Your second approach (one table per type) is the canonical way to solve this problem - while it requires a bit more effort to implement it fits better with the relational model of most databases and preserves a consistent and cohesive representation of the data. The approach of using one table per concrete type works well, and is compatible with most ORM libraries (like EntityFramework and NHibernate).
There are, however, a couple of alternative approaches sometimes used when the number of subtypes is very large, or subtypes are created on the fly.
Alternative #1: The Key-Value extension table. This is a table with one row per additional field of data you wish to store, a foreign key back to the core table (Task), and a column that specifies what kind of field this is. It's structure is typically something like:
TaskExt Table
=================
TaskID : Number (foreign key back to Task)
FieldType : Number or String (this would be AccountID, SalesPersonID, etc)
FieldValue : String (this would be the value of the associated field)

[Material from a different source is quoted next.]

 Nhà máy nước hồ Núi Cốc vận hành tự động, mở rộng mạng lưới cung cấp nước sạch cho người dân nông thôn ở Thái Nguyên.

Alternative #2: The Type-Mapped Extension Table. In this alternative, you create a table with a bunch of nullable columns of different data types (numbers, strings, date/time, etc) with names like DATA01, DATA02, DATA03 ... and so on. For each kind of Task, you select a subset of the columns and map them to particular fields. So, DATA01 may end up being the BuildVersion for a SoftwareTask and an AccountName for a SalesTask. In this approach, you must manage some metadata somewhere that control which column you map specific fields to. A type-mapped table will often look something like:
TaskExt Table
=================
TaskID : Number (foreign key back to task)
Data01 : String
Data02 : String
Data03 : String
Data04 : String
Data05 : Number
Data06 : Number
Data07 : Number
Data08 : Number
Data09 : Date
Data10 : Date
Data11 : Date
Data12 : Date
// etc...
The main benefit of option #1 is that you can dynamically add as many different fields as you need, and you can even support a level of backward compatibility. A significant downside, however, is that even simple queries can become challenging because fields of the objects are pivoted into rows in the table. Unpivoting turns out to be an operation that is both complicated and often poorly performing.

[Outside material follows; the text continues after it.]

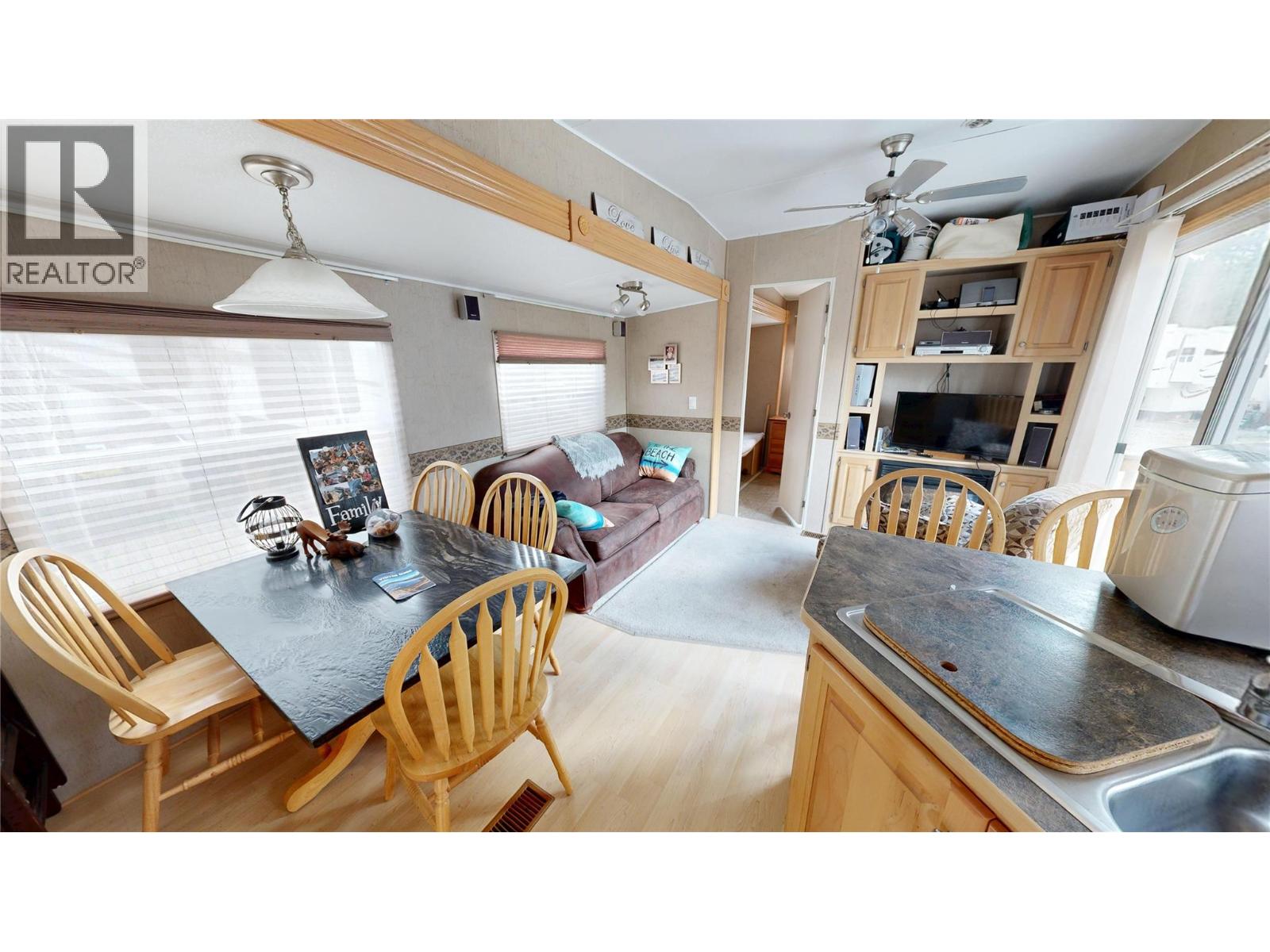 4868 Riverview Drive Unit# 100, Edgewater, British Columbia  V0A 1E0 - Photo 12 - 10385480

The benefits of option #2 is that it's easy to implement, and preserves a 1-to-1 correspondence betweens rows, making queries easy. Unfortunately, there are some downsides to this as well. The first is that the column names are completely uninformative, and you have to refer to some metadata dictionary to understand which columns maps to which field for which type of task. The second downside is that most databases limit the number of columns on a table to a relatively small number (usually 50 - 300 columns). As a result, you can only have so many numeric, string, datetime, etc columns available to use. So if you type ends up having more DateTime fields than the table supports you have to either use string fields to store dates, or create multiple extension tables.
Be forewarned, most ORM libraries do not provide built-in support for either of these modeling patterns.
You should probably take a lead from how ORMs deal with this, like TPH/TPC/TPT
Given that ITask is an interface you should probably go for TPC (Table per Concrete Type). When you make it a baseclass, TPT and TPH are also options.